Editor’s Note: Matt and I had great success with our last Marvel team-up over on MOZ, so we decided to do it again. Thanks again Mr. Gratt for lending your superb process skills to this post. Cheers!
We often think of search as a direct marketing channel (and it’s a great one) but it’s so much more than that.
A Search Engine is a database of intentions – and the data that search engines release to us can be some of the best market research and planning data available.
With this process you can map search demand in your markets, and understand how to use search volume data for market intelligence and insight.
Now, no matter the vertical your business is into, it is crucial that you know what your target market looks like before diving in and planning your SEO strategy. By the end of this article, you’ll know how to exploit data so that it drives revenue to your business.
Table of Contents
- 0.1 Mapping Search Demand in a Vertical
- 0.2 Brainstorm a Seed Keyword Set
- 0.3 Expand Your Set Using Google Suggest
- 0.4 Expand Further and Gather Keyword Data with Term Explorer
- 0.5 Now Add in Brand Modifiers
- 0.6 Now to Analyze The Volume and Trends
- 0.7 Market Analysis
- 1 Looking at the Whole Landscape
- 2 Search Intent is King – Not Just Traffic
Mapping Search Demand in a Vertical
As with any SEO-drive process, you need to begin with some quality keyword research. You’ll want to start by gathering an extensive list of keywords that represent searches in the vertical you are looking to dissect.

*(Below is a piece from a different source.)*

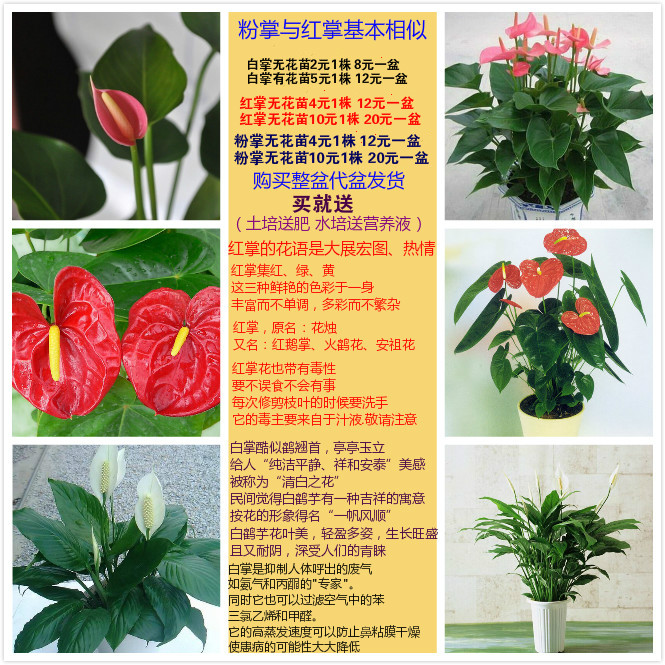 白掌 红掌 粉掌 绿巨人 银苞芋 白鹤芋 室内盆栽水培植物在类目 鲜花速递/花卉仿真/绿植园艺, 花卉/绿植盆栽(新), 绿植中 - 来自Buy2taobao.com提供专业的淘宝代购服务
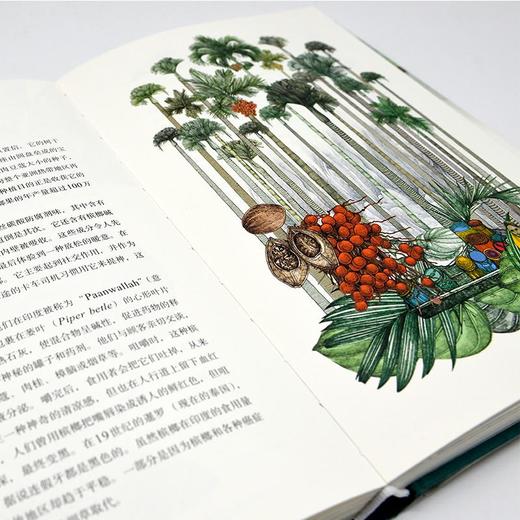 环游世界80种树 乔纳森 德罗里 著 社科科普 植物学 图书 商品图1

To start your mapping research, use this process:
Brainstorm a Seed Keyword Set
The best SEO tool is always – and will always be – your brain.
Put it to work , and start brainstorming a list of relevant keywords.
For example, let’s say we’re working with a company in the mechanical keyboard space. Mechanical keyboards are very loud, high-end keyboards. They’re tend to be very popular amongst programmers, writers, gamers, and other folks with serious keyboard needs.
For this assessment, we’ll start with terms like:
- Mechanical Keyboard – a generic head term, and
- Cherry MX Keyboard – a base product term.
And some other terms closely related to them.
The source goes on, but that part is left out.